“The Land of Steady Habits” by Ted Thompson

the land of steady habits

Ted Thompson has arrived with the very literary, very readable novel, The Land of Steady Habits, a debut not to be missed by avid readers of contemporary American family drama. Set mostly in the affluent neighborhoods of suburban Connecticut with the majority of flashback scenes taking place in a small college town in Maine, Thompson’s novel concerns the newly retired Anders Hill and the predicaments that befall him the first holiday season after his divorce to longtime wife, Helene. Alternating between chapters focusing on Anders and Helene (a few chapters appear from the perspective of their troubled son, Preston), The Land of Steady Habits seems indebted to the tales of other noted northeastern writers such as Updike and Cheever while updating the themes of upper-class malaise and family dysfunction without losing any of the propped-up sophistication or caustic wit. But among contemporary authors, The Land of Steady Habits reads like a Franzen novel without the overbearing need to make grand, eloquent statements about contemporary family life and without the unnecessary, shoehorned digressions into environmentalism, foreign policy discourse, or any other number of tangential twenty-first century concerns, which is to say the novel barely exceeds two-hundred and fifty pages while creating a narrative that’s commendable as much for its development of characters as it is for its construction of a tightly-plotted story. In sum, it’s a delightful reading experience and certainly to be one of the better debut novels to arrive this year.

As with other finely-written dramas covering the disintegration of an American family, The Land of Steady Habits manages to be both poignant and humorous without slipping into sentimentality or slapstick. Readers will recognize the skill Thompson has in balancing such emotions from the onset, as the novel begins with Anders considering the benefits—rather than the burdens—of his divorce: he no longer has to attend the dreaded holiday party at the Ashby household. The tradition had always reminded Anders of his age and his status in life, things he’d sooner forget rather than be repeatedly made aware of:

[T]he Ashby’s holiday party had become a sort of emblem of obligation to Anders, a reminder, at the end of his marriage, of the kind of man he’d become, when at last year’s party, after three quick whiskeys and a squabble with Helene about their grown children, he’d turned and announced to the room that they hadn’t had sex in five months, and, even though he was over sixty, it wasn’t because of his penis either.

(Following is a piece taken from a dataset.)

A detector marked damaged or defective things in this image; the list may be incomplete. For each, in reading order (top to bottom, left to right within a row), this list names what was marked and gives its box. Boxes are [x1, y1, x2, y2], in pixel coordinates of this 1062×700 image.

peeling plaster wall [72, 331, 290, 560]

So naturally, after his divorce, Anders receives an invitation to attend the yearly holiday party, and in a move that characterizes Anders almost immediately, he believes he still has an obligation to attend. And he does—an invited but ultimately unwelcomed guest—entering a party whose guest list also includes Helen and her new boyfriend, Donny, Anders’ long ago college roommate. And naturally, as these things tend to play out, Anders makes a fool of himself, slipping outside and somewhat accidentally partaking in a toke of laced marijuana with the Ashby’s son, Charlie. By the end of the first chapter, a smoothly-handled twenty pages, Anders has embarrassed himself at a party he wasn’t meant to attend and seemingly linked himself to the Ashby’s son, who’s dragged upstairs in the final pages, apparently suffering from some kind of overdose.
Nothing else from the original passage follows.